Il nome Tassi attiva un riflesso incondizionato di memoria: è il nome che fece Gino Corioni definendolo «nuovo Baggio» quando Lorenzo aveva appena 15 anni. A 16 e 99 giorni l’esordio in Serie A, Brescia-Fiorentina 2-2, in panchina Iachini, ingresso al 32’ del secondo tempo per rilevare Antonio Filippini. Sembrò un passaggio di consegne. Da lì il passaggio all’Inter, poi l’attesa del momento della piena rivelazione. Che non arriverà mai. Arriveranno invece tanti anni in Serie C, in giro per l’Italia. Prato, Savona, Avellino, Feralpisalò, Vicenza, Arezzo, Vis Pesaro. Post pandemia la D al Pont Donnaz (Val d’Aosta) e alla Sambenedettese, l’anno scorso la discesa in Eccellenza, a Pavia.
«Dovessi fare un bilancino, alla soglia dei trent’anni, direi che sì, le etichette mi han fatto più male che bene, senza dubbio. In queste condizioni finisce che hai già fallito in partenza, anche nella C di provincia. Non per cercar scuse, ma hanno influito anche gli infortuni e le tante vicissitudini delle società in cui ho giocato: a Savona partimmo da -16, al Vicenza a fine anno ci lasciarono tutti a piedi, la Samb fallì, ad Arezzo una delle mie migliori stagioni fu interrotta dalla pandemia. A Pavia ci sono andato perché mi aveva chiamato Benny Carbone, che conoscevo dai tempi dell’Inter, ma è stata una follia, facevo avanti e indietro da Brescia. A quel punto ho ragionato su cosa mi convenisse fare. Le categorie mi interessano relativamente, a Castiglione le condizioni ideali».

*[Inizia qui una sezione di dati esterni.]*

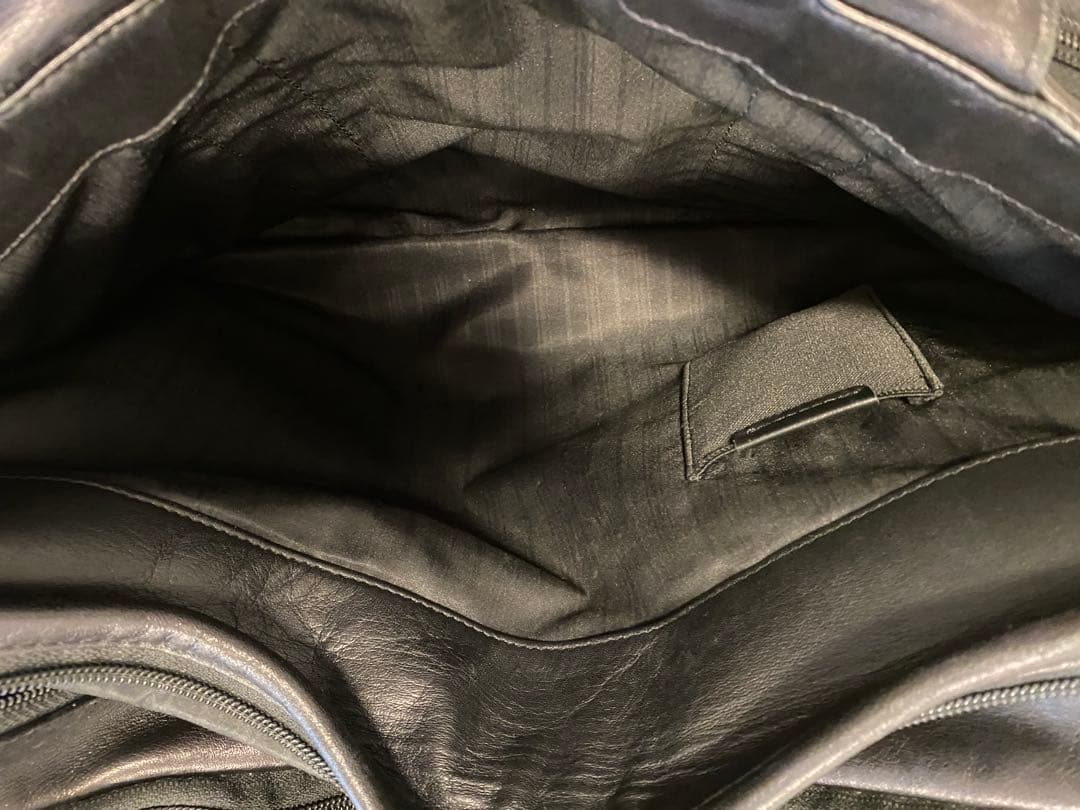 レザー ビジネスバッグ ブラック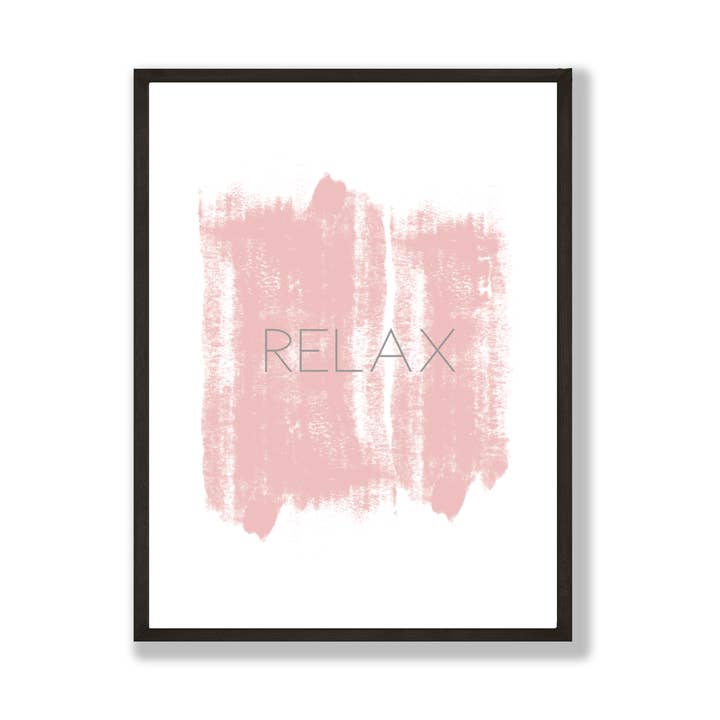 Blush Pink Relax Print for wholesale by Word Up Creative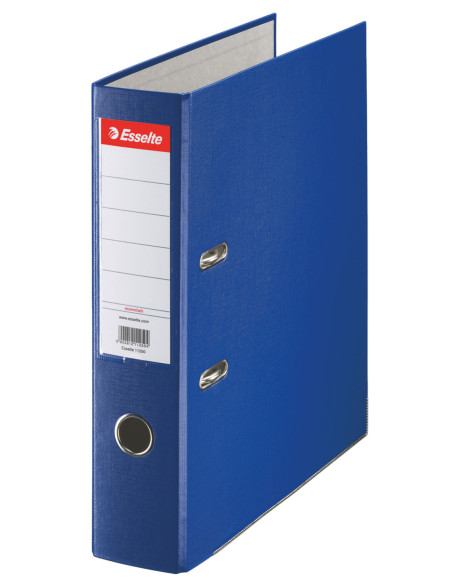 ES11255-20,Biblioraft plastifiat 7.5cm albastru economy Esselte - Set 20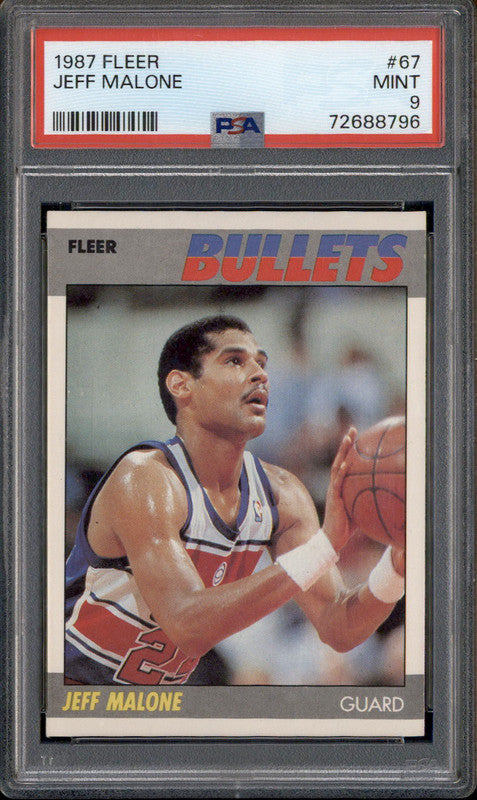 1987 Fleer #67 Jeff Malone PSA 9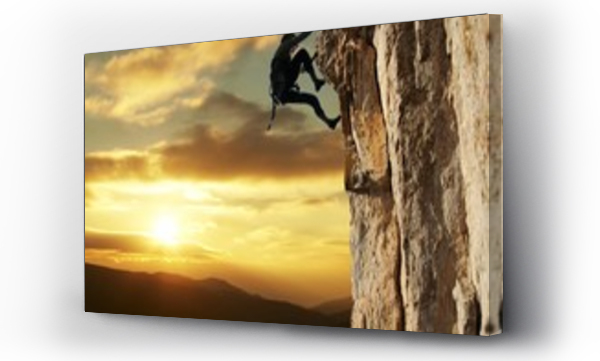 Wizualizacja Obrazu : #2584384 climber on sunset
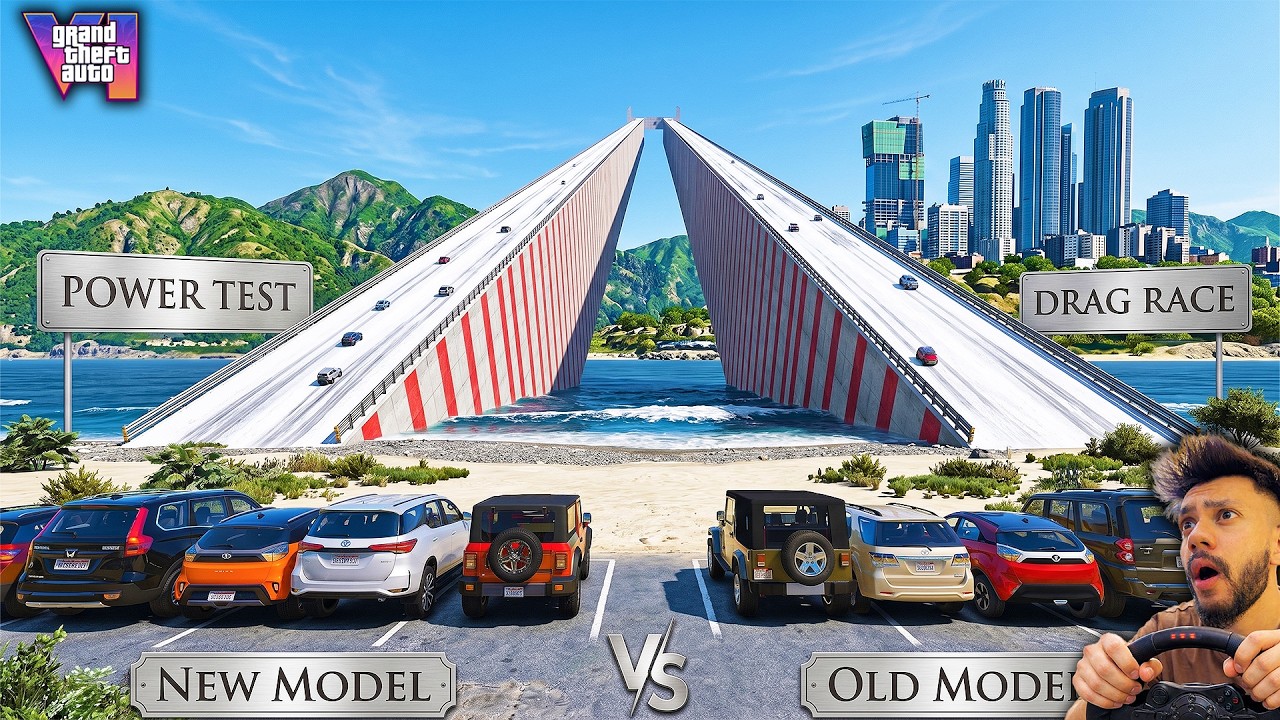 Indian Cars New Model Vs Old Model Snow Uturn Drag Race GTA 5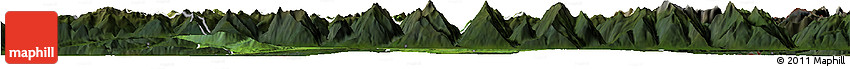 Satellite Horizon Map of Kitzbuhel, darken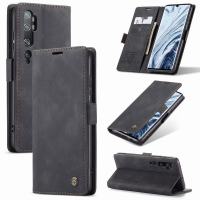 Leather Wallet Case For Xiaomi Mi CC9 Pro Luxury Magnetic Flip Luxury Multifunctional Bumper Phone Cover On Xiomi Mi CC9pro Etui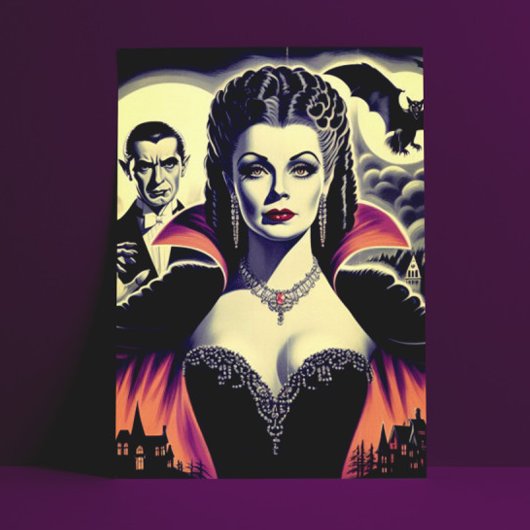 Carte Postale Femme vintage Hot Vampire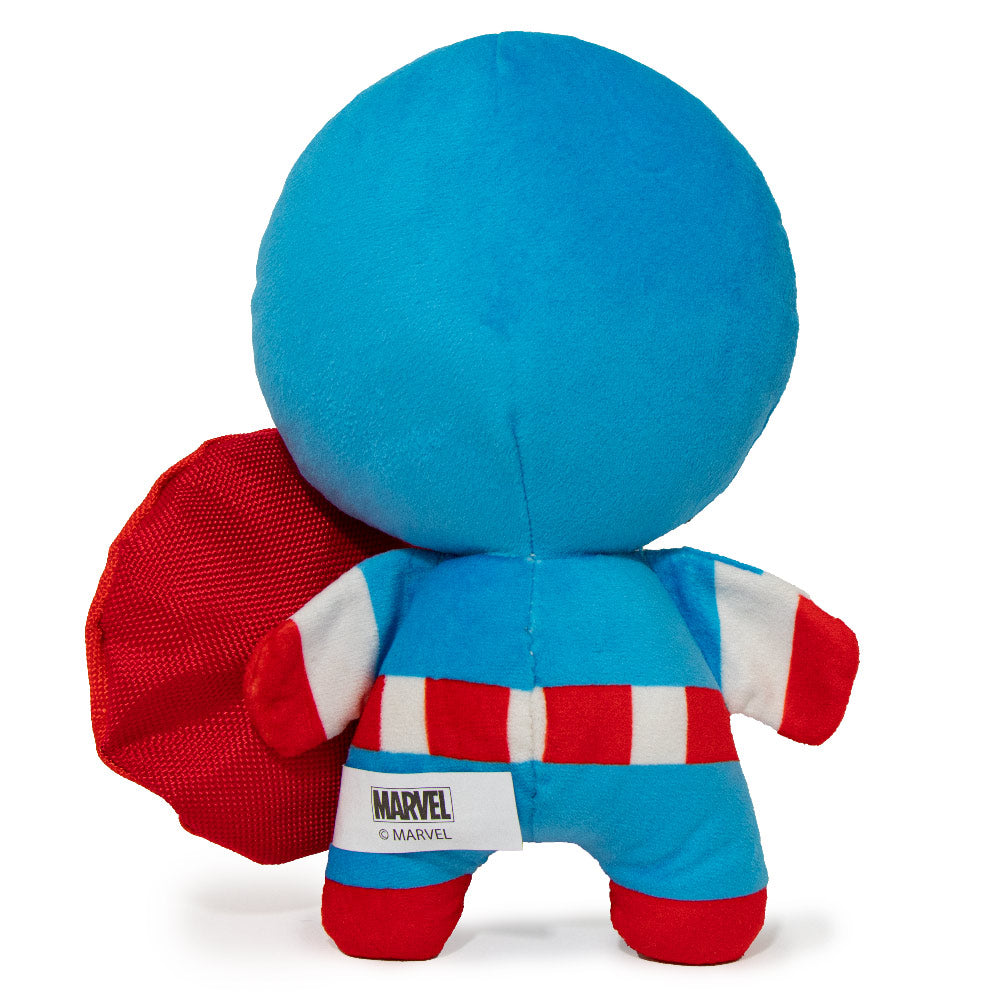 Dog Toy Squeaky Plush - Kawaii Captain America Standing Pose Dog Toy Squeaky Plush Marvel Comics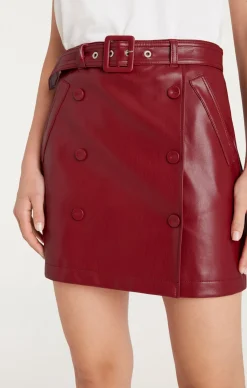 Cinq à Sept Quin Skirt Rhubarb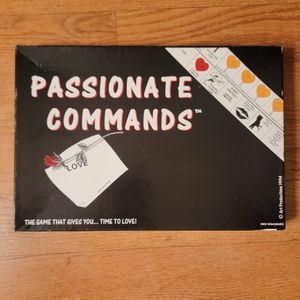 ART PRODUCTIONS 1994 ♡ Vintage -- PASSIONATE COMMANDS Board Game 'n Cards for 2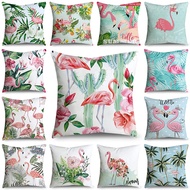 Single-sided printed flamingo pattern polyester cushion cover home decoration sofa Sarung Bantal car pillowcase
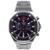 Relógio Cronógrafo Masculino de Aço Tuguir Analógico Infinity GCS-1271 Prata e Preto - Prata+Preto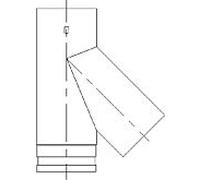 Raccord de cheminée Bertrams Ewr 21SA45-600 45 degrés, 600 x 2000 mm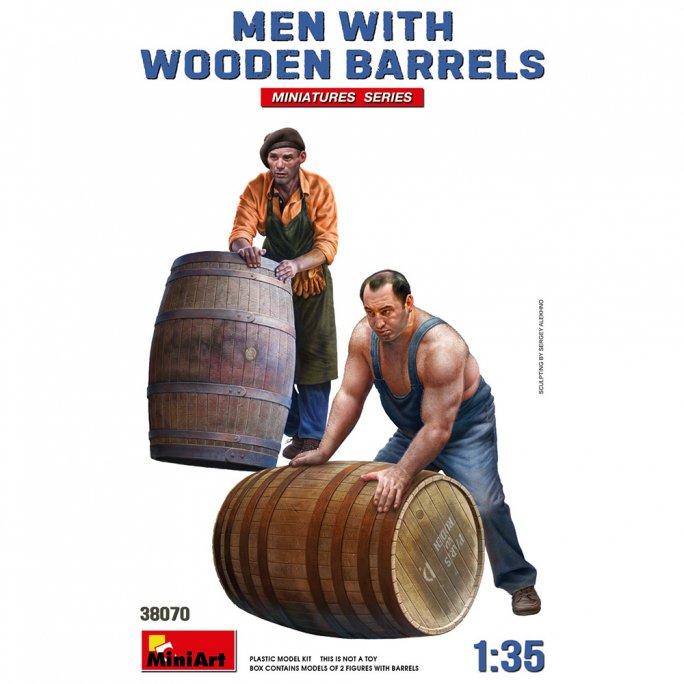 Hommes avec Barils en Bois - MINIART 38070 - 1/35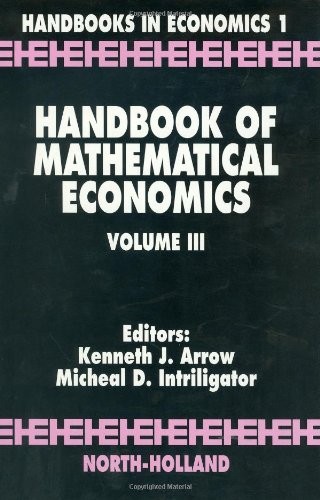 Handbook of Mathematical Economics - Volume 3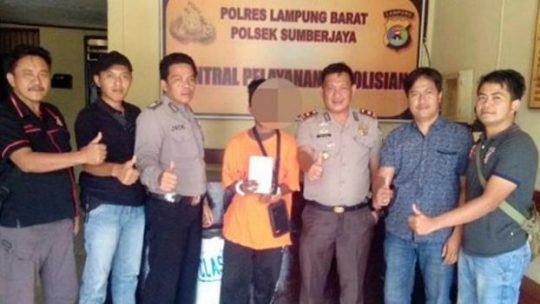 Bobol Alfamart, Remaja Warga Sumberjaya Ini Ditangkap Polisi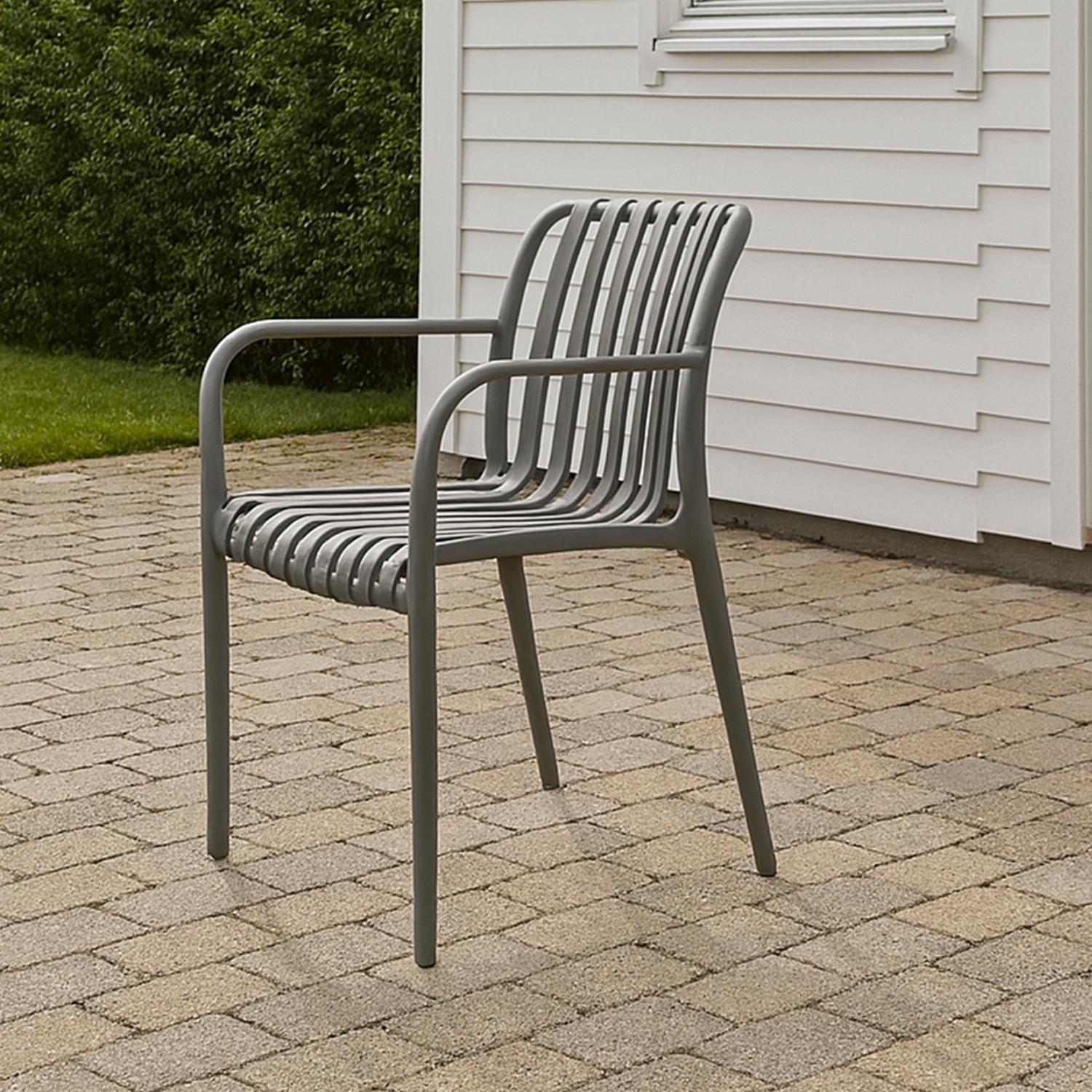 Silla Plástico Apilable Deco Bonn Gris Escandinavia-2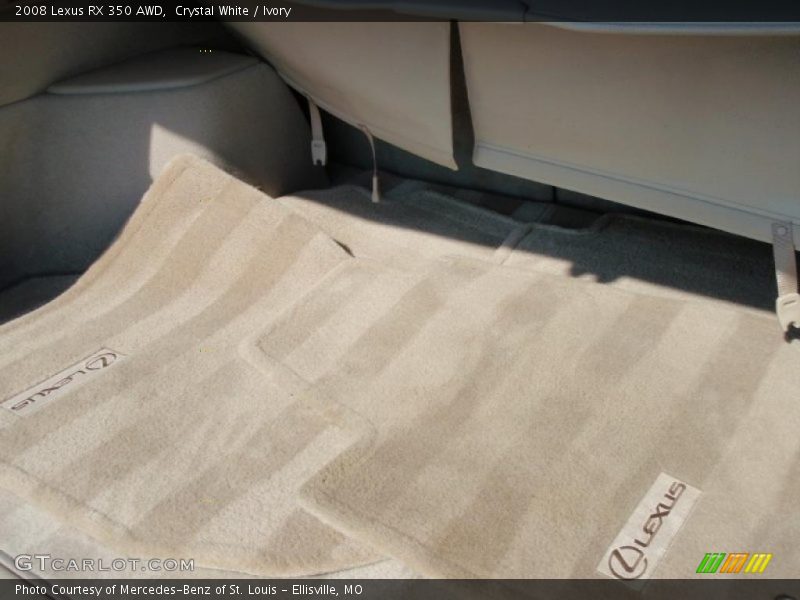 Crystal White / Ivory 2008 Lexus RX 350 AWD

Il ragazzino prodigio è diventato uomo, formandosi lontano da casa (fu vicinissimo al ritorno al Brescia nella sessione invernale 2016), soffrendo quattordicenne la scomparsa di papà Paolo e pochi anni fa quella del mentore Clerici, per trovare oggi una stabilità inseguita a lungo. Ma di definitivo non c’è nulla, figuriamoci il futuro. «Non arriverò a giocare fino a 40 anni, troppe cicatrici. Magari farò un patentino e lavorerò nell’ambiente, sono malato di calcio e qualche contatto la mia carriera me l’ha fornito. Ma ora non ci penso. Ora ci sono il Castiglione, il padel, la famiglia, compreso Matteo, due anni più grande di me, mio fratello e migliore amico. La domenica, se potevo, lo seguivo su tutti i campi di provincia, anche quando giocavo a 500 chilometri di distanza. Ora mi verrà più comodo».